- _About this task_: All lines from the one containing "Verti Cool Theme" through the last line of the listing should be given again exactly, with no pictures.

- _Data provided_:
═══

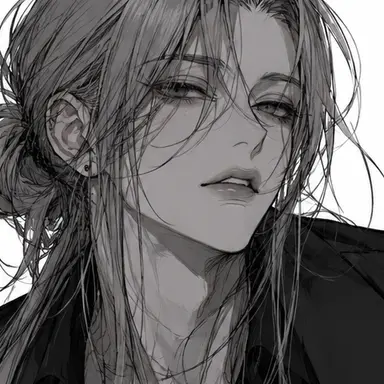 Profile image of 여주화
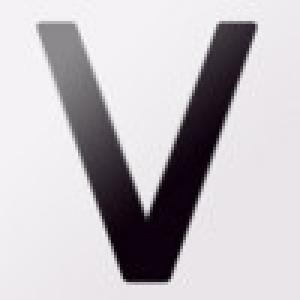  Verti Cool Theme (2009). Нажмите, чтобы увеличить.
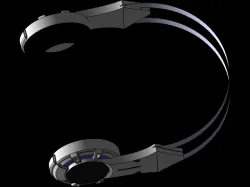Gaming Headphones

═══

- _Result of the task_:
  Verti Cool Theme (2009). Нажмите, чтобы увеличить.
Gaming Headphones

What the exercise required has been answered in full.